Tip #1: Be Honest When It Comes to Money

Be honest. It is incredibly important to talk to kids about money. To avoid them having a jaded view about money, it is important for them to recognize the value of money, especially the fact that money does not come easily.

Money does not grow on trees, and we cannot always buy everything that our children want. Hence, it would be beneficial to show kids the importance of working hard and dedication, and the importance of earning that paycheck. This highlights the importance of being honest when talking to them about money.

More than anything, one of the biggest positives of being honest with kids regarding money is that it allows them to be comfortable in such discussions as they grow up. You want to empower them to know that if they cannot afford something at a given moment, it is not the end of the world. They can wait a little longer, save a little more, and plan to purchase the desired item in the near future.

Tip #2: Watch Your Spending

Tip number two is to watch your spending. Kids are like sponges and learn A LOT from us. So, they take on all the habits we as parents portray and show them. Therefore, it is about watching how you are spending money in front of kids and teaching them how to make the right choices.

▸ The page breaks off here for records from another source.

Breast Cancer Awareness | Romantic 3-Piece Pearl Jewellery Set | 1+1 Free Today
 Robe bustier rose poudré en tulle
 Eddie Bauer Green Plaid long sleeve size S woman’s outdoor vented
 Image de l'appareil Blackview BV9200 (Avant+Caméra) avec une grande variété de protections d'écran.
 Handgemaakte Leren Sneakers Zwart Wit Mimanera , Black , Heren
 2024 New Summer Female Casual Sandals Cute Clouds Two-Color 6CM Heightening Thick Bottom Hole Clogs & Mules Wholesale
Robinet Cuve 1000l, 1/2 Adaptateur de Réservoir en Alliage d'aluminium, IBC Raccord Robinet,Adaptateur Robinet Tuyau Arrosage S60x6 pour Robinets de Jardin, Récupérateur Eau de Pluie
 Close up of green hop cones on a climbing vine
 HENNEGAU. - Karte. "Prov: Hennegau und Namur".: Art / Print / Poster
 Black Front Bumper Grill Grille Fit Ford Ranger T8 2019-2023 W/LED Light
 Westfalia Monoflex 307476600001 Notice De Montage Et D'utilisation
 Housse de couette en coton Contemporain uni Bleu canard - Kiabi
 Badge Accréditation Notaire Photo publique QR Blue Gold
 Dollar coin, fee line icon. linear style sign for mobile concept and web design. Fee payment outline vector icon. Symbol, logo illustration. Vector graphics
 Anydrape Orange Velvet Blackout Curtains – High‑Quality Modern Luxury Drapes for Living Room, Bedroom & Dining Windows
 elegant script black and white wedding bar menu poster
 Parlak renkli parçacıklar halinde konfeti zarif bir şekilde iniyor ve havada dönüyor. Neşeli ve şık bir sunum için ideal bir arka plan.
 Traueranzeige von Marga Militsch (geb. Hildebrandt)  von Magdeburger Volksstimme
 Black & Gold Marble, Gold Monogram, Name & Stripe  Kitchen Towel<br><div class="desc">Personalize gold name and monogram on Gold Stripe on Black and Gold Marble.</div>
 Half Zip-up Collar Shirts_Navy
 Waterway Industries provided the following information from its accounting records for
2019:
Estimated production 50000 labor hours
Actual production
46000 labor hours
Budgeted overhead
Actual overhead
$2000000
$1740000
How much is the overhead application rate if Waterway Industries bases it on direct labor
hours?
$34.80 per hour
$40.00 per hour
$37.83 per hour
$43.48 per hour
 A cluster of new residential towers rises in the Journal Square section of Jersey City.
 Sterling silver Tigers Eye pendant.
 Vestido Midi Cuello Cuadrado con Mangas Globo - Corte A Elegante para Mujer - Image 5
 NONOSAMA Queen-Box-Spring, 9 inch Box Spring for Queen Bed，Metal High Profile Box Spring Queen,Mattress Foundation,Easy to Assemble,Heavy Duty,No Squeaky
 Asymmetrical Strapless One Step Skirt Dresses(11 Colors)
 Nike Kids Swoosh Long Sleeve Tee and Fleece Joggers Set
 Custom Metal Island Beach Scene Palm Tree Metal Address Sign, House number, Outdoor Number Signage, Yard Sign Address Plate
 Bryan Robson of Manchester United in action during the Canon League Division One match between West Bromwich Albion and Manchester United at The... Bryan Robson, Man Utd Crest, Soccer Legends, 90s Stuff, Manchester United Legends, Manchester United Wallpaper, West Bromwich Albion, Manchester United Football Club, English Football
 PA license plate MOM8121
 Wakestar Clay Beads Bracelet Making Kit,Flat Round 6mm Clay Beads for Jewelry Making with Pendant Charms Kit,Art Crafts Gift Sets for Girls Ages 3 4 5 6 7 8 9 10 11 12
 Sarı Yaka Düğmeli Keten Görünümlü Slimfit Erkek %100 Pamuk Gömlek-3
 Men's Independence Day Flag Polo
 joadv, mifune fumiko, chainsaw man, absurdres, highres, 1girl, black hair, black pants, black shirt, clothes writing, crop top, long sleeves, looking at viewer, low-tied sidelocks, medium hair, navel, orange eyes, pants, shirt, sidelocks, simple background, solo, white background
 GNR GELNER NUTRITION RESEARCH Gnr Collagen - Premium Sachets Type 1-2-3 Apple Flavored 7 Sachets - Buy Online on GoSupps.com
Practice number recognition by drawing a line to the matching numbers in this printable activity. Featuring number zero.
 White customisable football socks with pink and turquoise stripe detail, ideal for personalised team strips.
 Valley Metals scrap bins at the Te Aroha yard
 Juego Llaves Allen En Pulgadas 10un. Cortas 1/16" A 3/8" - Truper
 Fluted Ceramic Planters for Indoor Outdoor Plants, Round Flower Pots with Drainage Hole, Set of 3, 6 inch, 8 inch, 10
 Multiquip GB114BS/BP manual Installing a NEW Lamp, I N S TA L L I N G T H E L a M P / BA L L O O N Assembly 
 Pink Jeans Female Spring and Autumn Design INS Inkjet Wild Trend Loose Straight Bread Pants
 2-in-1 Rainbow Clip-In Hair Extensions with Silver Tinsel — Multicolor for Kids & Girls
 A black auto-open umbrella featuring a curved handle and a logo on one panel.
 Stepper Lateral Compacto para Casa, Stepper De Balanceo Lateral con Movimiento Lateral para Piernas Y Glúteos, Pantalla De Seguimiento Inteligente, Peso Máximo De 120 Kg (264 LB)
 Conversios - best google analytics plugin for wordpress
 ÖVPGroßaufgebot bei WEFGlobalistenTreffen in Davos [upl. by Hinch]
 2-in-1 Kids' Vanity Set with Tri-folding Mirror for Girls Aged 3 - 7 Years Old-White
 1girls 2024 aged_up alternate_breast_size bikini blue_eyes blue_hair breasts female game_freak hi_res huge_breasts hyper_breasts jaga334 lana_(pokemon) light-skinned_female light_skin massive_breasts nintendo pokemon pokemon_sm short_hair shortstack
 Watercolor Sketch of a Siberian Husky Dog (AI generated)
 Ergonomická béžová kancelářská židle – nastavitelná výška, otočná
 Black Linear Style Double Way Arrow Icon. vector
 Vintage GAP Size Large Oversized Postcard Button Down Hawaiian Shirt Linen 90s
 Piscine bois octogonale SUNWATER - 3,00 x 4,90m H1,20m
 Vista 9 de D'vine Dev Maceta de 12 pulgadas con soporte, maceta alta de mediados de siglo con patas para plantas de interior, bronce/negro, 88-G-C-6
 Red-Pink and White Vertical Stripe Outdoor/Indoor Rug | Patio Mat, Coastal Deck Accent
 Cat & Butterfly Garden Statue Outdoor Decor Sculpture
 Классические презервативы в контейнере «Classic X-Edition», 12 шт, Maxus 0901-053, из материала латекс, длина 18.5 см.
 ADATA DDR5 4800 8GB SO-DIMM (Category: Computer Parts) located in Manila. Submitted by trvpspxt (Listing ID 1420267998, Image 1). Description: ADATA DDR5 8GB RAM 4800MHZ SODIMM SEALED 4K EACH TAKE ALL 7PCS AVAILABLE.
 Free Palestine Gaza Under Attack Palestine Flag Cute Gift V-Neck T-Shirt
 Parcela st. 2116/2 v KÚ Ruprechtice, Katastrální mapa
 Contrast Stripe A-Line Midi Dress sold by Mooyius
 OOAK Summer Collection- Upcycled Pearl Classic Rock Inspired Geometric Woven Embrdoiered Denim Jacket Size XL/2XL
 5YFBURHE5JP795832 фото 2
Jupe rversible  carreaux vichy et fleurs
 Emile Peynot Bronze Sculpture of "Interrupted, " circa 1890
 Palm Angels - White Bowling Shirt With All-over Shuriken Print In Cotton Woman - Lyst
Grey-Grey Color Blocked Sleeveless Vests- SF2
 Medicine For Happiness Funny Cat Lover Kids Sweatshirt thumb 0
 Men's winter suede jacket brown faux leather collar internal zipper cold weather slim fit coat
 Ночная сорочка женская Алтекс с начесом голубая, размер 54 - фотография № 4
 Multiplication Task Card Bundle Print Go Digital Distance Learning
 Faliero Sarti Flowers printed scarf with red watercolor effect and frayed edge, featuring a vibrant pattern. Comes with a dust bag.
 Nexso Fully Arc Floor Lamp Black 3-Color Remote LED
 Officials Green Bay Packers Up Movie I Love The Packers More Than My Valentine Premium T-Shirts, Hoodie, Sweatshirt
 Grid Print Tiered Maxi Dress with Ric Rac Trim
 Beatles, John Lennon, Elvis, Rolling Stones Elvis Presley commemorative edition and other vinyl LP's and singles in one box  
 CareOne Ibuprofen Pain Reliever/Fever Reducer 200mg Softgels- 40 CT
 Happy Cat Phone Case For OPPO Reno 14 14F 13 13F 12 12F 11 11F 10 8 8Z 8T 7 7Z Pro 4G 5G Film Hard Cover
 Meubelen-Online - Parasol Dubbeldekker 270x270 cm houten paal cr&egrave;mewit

Sometimes, it’s okay to spend $5 for a cup of hot chocolate at your favorite cafe. But most of the time, it’s important to show them that if you spend $0.50 to make a cup of hot chocolate at home, you can save the rest. Again, you can look at this as an opportunity to reinforce this thinking in a positive manner. For example, if there is a toy your kid has asked you to buy recently, you can show them that if they drink the drinks that they have at home for a week, they can get that toy a lot sooner with the money they did not spend at the cafe.

When it comes to spending, you can also help children by illustrating the basic concepts of taxes and expenses. This might not be the easiest conversation to have, but teaching kids about the bills we must pay allows them to factor it into their spending. Expanding on these expenses such as how these bills may pay for our house, water, and power can highlight a direct correlation for children to follow.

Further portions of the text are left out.